The sheer volume of EO data being generated, estimated at 20TB per day from the Sentinel satellites alone, poses significant opportunities and challenges. In addition, the combined fleet of Sentinel-1, Sentinel-2, and Sentinel-3 have been widely adopted across industries—particularly for AI uses. Using AI in EO has now evolved from being an opportunity to becoming a necessity. The exponential growth in data volumes has transformed AI into an indispensable tool. The sheer magnitude of information generated by satellites necessitates the use of AI technologies for rapid and precise data processing. Without AI, it would be virtually impossible to efficiently analyze and extract meaningful insights.
This leads us to ask questions such as:
How do we know what kind of data is useful? What exactly is EO data quality? Why have scientific datasets like Sentinel been so widely adopted?
Understanding the definition of data quality and why scientific data is so often used over commercial data is often left unaddressed in the industry—which is why we’re focusing on it in this article.
Before we begin though, it’s important to mention upfront that yes – scientific datasets are free. This is a huge reason for their widespread use. At the same time, scientific datasets are ideal for efficient processing by automated algorithms. We’ll look at this further down in the article.
What is data quality?
When we think about data quality, it’s usually assumed that it refers to the often-mentioned spatial resolution.

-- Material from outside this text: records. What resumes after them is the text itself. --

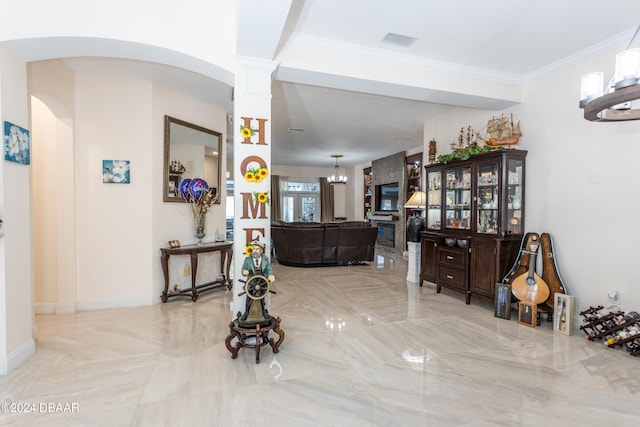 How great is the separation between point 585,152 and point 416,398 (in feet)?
10.3

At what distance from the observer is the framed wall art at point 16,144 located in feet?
7.66

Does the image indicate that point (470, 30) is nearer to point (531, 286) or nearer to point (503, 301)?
point (531, 286)

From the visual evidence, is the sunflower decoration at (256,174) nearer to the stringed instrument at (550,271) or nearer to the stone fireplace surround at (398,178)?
the stringed instrument at (550,271)

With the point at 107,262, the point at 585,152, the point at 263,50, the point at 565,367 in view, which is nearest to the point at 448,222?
the point at 585,152

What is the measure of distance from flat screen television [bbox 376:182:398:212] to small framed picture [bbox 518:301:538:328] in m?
5.63

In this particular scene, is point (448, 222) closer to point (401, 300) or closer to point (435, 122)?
point (401, 300)

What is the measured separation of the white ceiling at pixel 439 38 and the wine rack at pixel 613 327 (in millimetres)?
2529

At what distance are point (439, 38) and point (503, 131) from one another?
68.3 inches

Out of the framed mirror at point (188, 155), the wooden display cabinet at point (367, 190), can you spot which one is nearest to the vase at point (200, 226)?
the framed mirror at point (188, 155)

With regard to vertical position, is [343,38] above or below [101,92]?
above

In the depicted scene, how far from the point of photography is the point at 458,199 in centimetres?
455

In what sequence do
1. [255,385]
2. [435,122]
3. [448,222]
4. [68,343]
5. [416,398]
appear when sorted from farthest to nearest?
1. [435,122]
2. [448,222]
3. [68,343]
4. [255,385]
5. [416,398]

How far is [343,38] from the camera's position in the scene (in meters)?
3.12

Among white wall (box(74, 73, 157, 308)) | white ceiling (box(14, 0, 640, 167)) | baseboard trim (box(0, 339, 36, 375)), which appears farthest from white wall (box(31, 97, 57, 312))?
baseboard trim (box(0, 339, 36, 375))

It is, though, a lot more nuanced than that, with many factors playing a role.
Let’s take a closer look at what we can call the three pillars of data quality:
1. Accuracy
This implies that there are minimal or negligible errors in the data. This could be the radiometric accuracy of satellite data influenced by atmospheric conditions, shadows, and topographic effects.

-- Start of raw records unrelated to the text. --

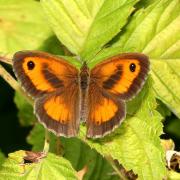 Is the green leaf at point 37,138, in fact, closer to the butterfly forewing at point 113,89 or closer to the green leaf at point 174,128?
the green leaf at point 174,128

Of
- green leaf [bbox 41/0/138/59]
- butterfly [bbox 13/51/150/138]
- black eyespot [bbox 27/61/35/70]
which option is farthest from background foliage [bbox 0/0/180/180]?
black eyespot [bbox 27/61/35/70]

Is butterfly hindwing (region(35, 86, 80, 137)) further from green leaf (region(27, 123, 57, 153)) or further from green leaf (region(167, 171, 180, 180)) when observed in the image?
green leaf (region(27, 123, 57, 153))

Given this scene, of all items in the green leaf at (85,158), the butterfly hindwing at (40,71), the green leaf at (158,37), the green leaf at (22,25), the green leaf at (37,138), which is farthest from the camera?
the green leaf at (22,25)

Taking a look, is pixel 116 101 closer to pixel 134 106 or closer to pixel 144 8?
pixel 134 106

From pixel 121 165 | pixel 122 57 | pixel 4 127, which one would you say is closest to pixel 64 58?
pixel 122 57

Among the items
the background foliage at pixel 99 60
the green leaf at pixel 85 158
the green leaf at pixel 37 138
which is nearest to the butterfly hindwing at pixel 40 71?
the background foliage at pixel 99 60

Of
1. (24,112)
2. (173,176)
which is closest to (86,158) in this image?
(24,112) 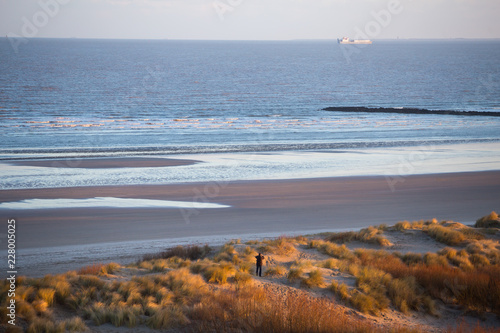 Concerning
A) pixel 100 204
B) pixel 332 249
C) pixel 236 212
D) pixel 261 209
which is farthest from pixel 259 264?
pixel 100 204

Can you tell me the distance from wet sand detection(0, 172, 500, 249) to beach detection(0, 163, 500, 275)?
38 millimetres

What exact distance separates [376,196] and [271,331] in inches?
656

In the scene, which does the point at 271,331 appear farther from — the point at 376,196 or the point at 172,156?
the point at 172,156

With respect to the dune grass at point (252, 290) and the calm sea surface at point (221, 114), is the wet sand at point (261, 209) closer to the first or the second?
the dune grass at point (252, 290)

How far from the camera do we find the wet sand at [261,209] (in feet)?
59.5

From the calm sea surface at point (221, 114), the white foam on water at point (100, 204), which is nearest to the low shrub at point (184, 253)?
the white foam on water at point (100, 204)

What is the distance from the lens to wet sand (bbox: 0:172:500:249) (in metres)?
18.1

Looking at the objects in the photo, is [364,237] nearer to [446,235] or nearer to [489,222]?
[446,235]

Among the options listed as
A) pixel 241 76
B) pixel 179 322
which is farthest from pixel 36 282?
pixel 241 76

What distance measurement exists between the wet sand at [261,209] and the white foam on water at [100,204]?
0.57 m

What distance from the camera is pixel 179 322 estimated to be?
8664 millimetres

The spatial accuracy of satellite data is another type to consider. This can be influenced by lens distortion and time synchronization issues, and data processing policies of different providers and that can be improved through ground control point referencing.
2. Completeness
How complete data is can also vary depending on what sort of completeness of data you are considering. Spectral completeness looks at the extent to which a satellite sensor can capture and represent the full range of electromagnetic radiation across different wavelengths or spectral bands. Can we see beyond the range of the human eye?
Coverage completeness in EO data refers to whether a satellite sensor has observed and captured data over the entire area of interest with minimal missing information or spatial gaps. Essentially, how well the Earth’s surface, atmosphere, and other target areas have been captured. Cloud cover is a major factor affecting the completeness and usability of optical satellite data.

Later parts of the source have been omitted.